Sparforth notes that the French Duke Saint-Simon (1675-1755) commented on how easy it was to see all the officials he needed because they were all located in one complex. Saint-Simon wrote that someone at Versailles “could see everyone he needed in the space of an hour,” something that would have taken much longer in Paris.
Inside the palace
Spawforth notes that the palace contained about 350 living units varying in size, from multi-room apartments to spaces about the size of an alcove. The size and location of the room a person got depended on their rank and standing with the king. While the crown prince (known as the dauphin) got a sprawling apartment on the ground floor, a servant may have nothing more than a space in an attic or a makeshift room behind a staircase. 
The bedroom of Louis XIV, built on the upper floor and located centrally along the east-west axis of the palace, was the most important room and was the location of two important ceremonies where the king would wake up (lever) and go to sleep (coucher) surrounded by his courtiers. The king also had a ceremony for putting on and taking off his hunting boots. “The room where the king slept became the nucleus of the residence and, therefore, of the kingdom,” Bajou writes.
The importance of the courtiers being at these ceremonies continued into the reigns of Louis XV and XVI. Spawforth notes that a courtier in 1784 wrote that “most of the people who come to the court are persuaded that, to make their way there, they must show themselves everywhere, be absent as little possible at the king’s lever, removal of the boots, and coucher, show themselves assiduously at the dinners of the royal family ... in short, must ceaselessly work at having themselves noticed.”
Complementing these court ceremonies was the beauty of the palace itself, which emphasized the achievements and power of the king. The king’s bedroom and apartment area were located close to the Hall of Mirrors.
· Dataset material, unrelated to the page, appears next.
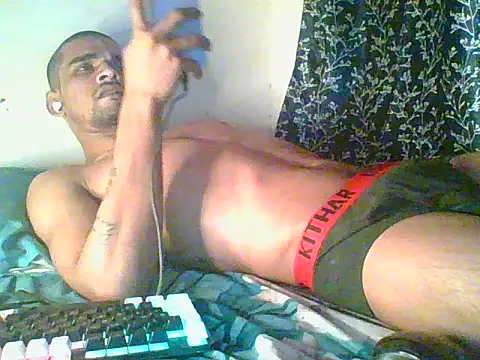 IndianSinsGlow online show from 11/05/25, 10:43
Spawforth writes that the hall has 30 tableaux that tell an “epic narrative” of what “Louis (XIV) as King of France aspired to be.”
Victory in battle features prominently in these narratives with one example showing Louis with his army crossing the Rhine River in 1672. “Hair streaming, dressed in Roman style and holding a thunderbolt like a projectile, Louis sits godlike on a silver chariot pushed by Hercules while riding roughshod over female personifications of nearby enemy towns.”
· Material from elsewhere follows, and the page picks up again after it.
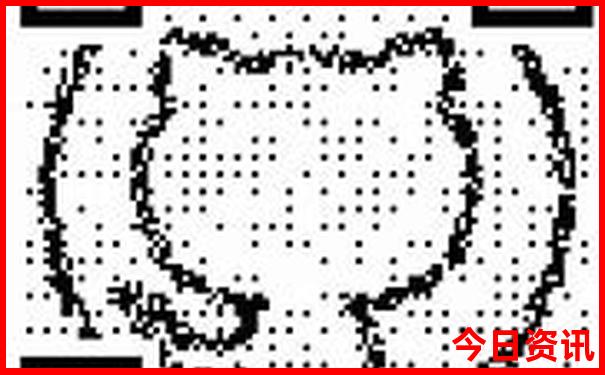 长沙必玩的地方排行榜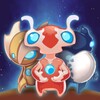 Idle Alien icon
The design of the hall added to the effect. “Viewing was to be helped by the famous wall of mirrors, which diffuses the daylight, except above the windows, where the detail is shadowy.”
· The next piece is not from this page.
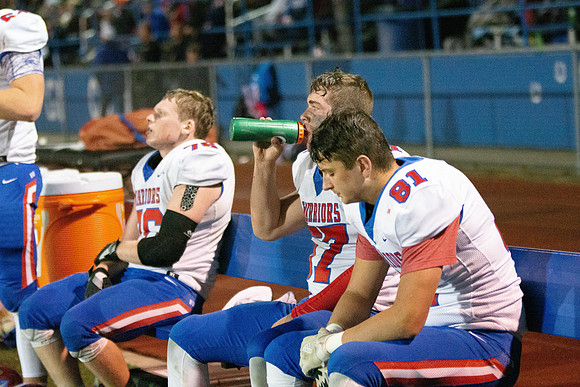 NWFB_2018_playoff_-8178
The Hall of Mirrors was flanked on its north side by the Salon of War, which has art depicting the king’s victory against a European coalition in a war that ran from 1688-1697, and on its south side by a Salon of Peace, which has art depicting the benefits of the forthcoming peace. 
The king had his throne in the “Apollo Salon” and worshiped in a royal chapel, which spanned two stories, which Bajou notes was built between 1699 and 1710. The power of the king once again figures prominently in the decoration of the chapel, “the iconography of the painted and sculptural decorations corresponds to a theological and political plan to demonstrate that the powers and duties of the monarch are given by divine right,” writes Bajou.
One interesting limit on the king’s power was with communion. Spawforth notes that both “Louis XIV and his successors were too pious to take communion during their adulteries.” Furthermore, when they committed adultery they had to cancel a ceremony they undertook in which they would touch people inflicted with scrofula and supposedly cure them. Spawforth said that canceling these ceremonies was considered “scandalous.”
Despite the richness of the palace, the kings had to make do with makeshift theaters up until 1768 when Louis XV allowed the building of the royal opera. It contained a mechanism that allowed the orchestra level to be raised to the stage allowing it to be used for dancing and banqueting. Spawforth notes that the opera required 3,000 candles to be burnt for opening night and was rarely used due to its cost and the poor shape of France’s finances.
Estate of Marie Antoinette
Near the Grand Trianon, the queen of Louis XVI, Marie Antoinette, created an estate for herself. She took over a building called the “Petit Trianon” and built a number of structures including a working farm (also called the “hamlet”), which provided the palace with fresh produce, and had a nearby house and small theater.
Some of the structures in the estate have a meaning that is more difficult to understand. She built a “Temple of Love” which modern-day curators say can be seen from her room in the Petit Trianon. It features a dome propped up by nearly a dozen columns covering a statue, which shows a depiction of “Cupid cutting his bow from the club of Hercules,” Bajou writes.  
Even stranger is the “grotto,” a cave, which Marie Antoinette had constructed for herself with a moss bed, which she could lie on. It had two entrances, prompting much speculation as to what went on in it.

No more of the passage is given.